PICK A CARD: CAROLINE BURGHARDT
The world is random; so is Greenpointers. The obsessive collector in me cannot keep my hands off any and all cool looking business cards that I find in coffee shops, art galleries, bars and those handed to meet when I meet new folks. I have a nerdy binder with laminated slots where I keep them, but since that has filled up I stuff everything into this pickle jar. Like a lot of organizational disasters in my life, it is one of the many elephants in the room of things I need to go through. I earnestly pocket these cards because they are attractive to me and I want to check them out.
Enter the new weekly post: “Pick a Card” in which I randomly pick a business card, show it to you, and tell you all about it.
This may sound boring, but this isn’t the “Leave a Business Card for Free Lunch” raffle jar you find in an overpriced deli in Midtown. This jar is filled with some of the most innovative and creative new companies, organizations, artists and musicians, all people who live in our neighborhood.
Another column I want to do regularly is a weekly featured Greenpoint artist, so I am killing two birds with one stone here. I am psyched that the first card I pulled is artist/photographer Caroline Burghardt. Aside from personally loving her work, the timing is great because on Saturday she is working on her Pastoral Dreams photo project up in the Bronx at the Andrew Freeman Home, and it looks like it’s going to be a lot of fun! Check out the facebook invitation for more info.
I am a big fan of Caroline’s photography. She contributed artwork (above) to the exhibit at the Love Bird’s Valentines Market and has been in many of Ugly Art Room‘s shows, The collage below exhibited last year at The Parlour Brooklyn in a show called “Cutters” during the Northside Festival.
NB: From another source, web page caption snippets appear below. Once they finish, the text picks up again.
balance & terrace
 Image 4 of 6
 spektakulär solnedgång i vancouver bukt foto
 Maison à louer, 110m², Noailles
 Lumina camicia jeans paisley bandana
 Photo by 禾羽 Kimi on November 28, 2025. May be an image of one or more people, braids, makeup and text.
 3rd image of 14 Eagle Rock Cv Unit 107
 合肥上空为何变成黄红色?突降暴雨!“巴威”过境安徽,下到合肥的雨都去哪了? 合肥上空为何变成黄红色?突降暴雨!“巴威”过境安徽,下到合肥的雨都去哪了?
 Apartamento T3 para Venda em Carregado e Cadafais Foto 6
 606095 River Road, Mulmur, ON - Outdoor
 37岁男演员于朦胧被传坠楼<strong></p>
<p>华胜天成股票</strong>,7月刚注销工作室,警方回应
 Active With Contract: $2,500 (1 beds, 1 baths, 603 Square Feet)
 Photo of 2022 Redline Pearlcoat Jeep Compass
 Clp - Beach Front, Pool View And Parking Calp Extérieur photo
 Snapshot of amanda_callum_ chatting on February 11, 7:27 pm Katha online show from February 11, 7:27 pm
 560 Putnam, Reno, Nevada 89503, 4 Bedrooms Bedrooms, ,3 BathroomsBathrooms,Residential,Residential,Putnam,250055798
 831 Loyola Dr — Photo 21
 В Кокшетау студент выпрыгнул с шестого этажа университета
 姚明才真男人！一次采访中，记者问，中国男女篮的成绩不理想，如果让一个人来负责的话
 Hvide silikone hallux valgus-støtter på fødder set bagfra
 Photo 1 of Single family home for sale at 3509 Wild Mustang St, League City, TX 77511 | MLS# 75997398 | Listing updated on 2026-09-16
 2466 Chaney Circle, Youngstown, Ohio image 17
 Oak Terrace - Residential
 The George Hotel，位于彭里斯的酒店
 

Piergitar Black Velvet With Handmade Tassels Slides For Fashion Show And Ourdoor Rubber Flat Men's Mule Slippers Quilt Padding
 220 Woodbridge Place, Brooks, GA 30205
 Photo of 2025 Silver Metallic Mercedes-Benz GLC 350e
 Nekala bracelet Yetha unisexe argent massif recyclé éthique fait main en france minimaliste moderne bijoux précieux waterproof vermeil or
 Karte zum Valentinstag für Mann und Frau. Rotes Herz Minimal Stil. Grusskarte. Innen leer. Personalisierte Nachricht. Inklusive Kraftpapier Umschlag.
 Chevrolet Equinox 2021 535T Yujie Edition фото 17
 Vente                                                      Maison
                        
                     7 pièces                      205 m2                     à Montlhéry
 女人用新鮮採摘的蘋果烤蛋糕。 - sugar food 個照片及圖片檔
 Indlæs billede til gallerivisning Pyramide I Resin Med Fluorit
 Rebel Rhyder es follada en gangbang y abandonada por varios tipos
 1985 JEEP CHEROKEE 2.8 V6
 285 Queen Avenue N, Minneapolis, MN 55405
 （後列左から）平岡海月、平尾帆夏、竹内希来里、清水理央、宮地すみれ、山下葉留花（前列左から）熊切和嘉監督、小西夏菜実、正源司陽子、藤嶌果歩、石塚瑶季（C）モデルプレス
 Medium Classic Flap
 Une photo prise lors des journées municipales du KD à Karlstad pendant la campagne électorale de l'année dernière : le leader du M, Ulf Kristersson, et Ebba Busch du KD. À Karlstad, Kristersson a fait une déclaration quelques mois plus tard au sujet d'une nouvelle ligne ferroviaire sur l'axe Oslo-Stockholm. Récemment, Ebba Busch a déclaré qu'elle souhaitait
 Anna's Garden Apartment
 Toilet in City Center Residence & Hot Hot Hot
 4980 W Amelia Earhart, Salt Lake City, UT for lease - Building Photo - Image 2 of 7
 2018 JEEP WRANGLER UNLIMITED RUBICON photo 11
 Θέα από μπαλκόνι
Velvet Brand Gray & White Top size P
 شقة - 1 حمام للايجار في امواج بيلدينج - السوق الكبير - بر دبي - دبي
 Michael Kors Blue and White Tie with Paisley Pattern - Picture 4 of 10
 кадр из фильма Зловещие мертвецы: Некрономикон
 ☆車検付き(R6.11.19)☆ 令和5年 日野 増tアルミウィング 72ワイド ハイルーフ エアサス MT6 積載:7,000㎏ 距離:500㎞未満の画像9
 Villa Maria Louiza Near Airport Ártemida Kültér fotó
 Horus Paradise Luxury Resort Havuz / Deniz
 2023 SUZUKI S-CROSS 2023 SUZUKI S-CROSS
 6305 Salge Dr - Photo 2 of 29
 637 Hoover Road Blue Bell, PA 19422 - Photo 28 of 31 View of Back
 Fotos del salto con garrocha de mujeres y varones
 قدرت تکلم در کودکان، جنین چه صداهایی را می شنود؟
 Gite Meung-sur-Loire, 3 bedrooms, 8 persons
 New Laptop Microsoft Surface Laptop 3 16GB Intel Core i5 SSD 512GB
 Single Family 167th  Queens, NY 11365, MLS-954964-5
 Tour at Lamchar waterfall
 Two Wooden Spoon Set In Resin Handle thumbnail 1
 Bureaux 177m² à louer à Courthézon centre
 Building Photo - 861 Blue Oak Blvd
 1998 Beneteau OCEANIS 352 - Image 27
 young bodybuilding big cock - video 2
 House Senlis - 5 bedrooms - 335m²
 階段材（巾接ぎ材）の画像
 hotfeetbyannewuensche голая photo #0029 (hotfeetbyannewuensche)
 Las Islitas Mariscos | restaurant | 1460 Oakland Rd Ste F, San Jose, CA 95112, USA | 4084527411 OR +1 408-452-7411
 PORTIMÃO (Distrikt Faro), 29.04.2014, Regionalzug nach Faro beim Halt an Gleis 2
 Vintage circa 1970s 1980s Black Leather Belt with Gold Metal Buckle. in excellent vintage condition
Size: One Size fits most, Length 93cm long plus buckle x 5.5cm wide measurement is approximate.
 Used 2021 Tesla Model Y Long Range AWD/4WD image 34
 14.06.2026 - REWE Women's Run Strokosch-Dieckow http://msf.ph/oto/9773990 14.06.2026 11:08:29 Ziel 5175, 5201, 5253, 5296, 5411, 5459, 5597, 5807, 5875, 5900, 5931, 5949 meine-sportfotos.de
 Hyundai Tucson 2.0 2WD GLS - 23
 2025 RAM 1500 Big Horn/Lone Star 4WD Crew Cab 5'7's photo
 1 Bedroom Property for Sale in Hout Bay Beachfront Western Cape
Below is a screenshot of what you see when you visit Caroline’s website. There are three main categories: her pastoral portraits in which she has a subject pose on a background, that is set in another background, collage, and the biggest body of her work is photography, with a focus on portraits, interiors and still-lifes.
Caroline’s earlier photographs were the first experience I had with her work and it took me a while to “get” it. She focuses strongly on shape, color, pattern. Each work is carefully composed and thought out and what I began to connect with is a stillness in each piece. Some artwork just jumps out at you, but Caroline’s photographs have an eery calm, and if you pay attention long enough each tell a story, maybe about Caroline, or maybe about all of us. The piece below reminds me of a painting I have that was in my Grandmother’s dining room, which I stared at for hours as a kids eating Campbell’s soup with potato chips. Painted by my Great Grandmother, the painting is not a masterpiece in a technical sense, but it makes me think. The above photograph reminds me of that feeling of staring at the painting and just losing myself.
Like all artwork, it is not really fair to view it on a website. Caroline prints most of her photos the old fashioned way, so each has a physical depth and texture that is lost on a monitor, not to mention the size. Overall, her work stands up online.
Caroline’s collages are playful, colorful and the paper patterns mimic interiors, like wallpaper or flooring. When you get past the pure aesthetic enjoyment, that simple stillness pervades each collage as well.
Her current project, the pastoral projects are hilarious to be a part of because Caroline is really fun behind the camera. I am looking forward to participating this weekend on the “beach” in the Bronx.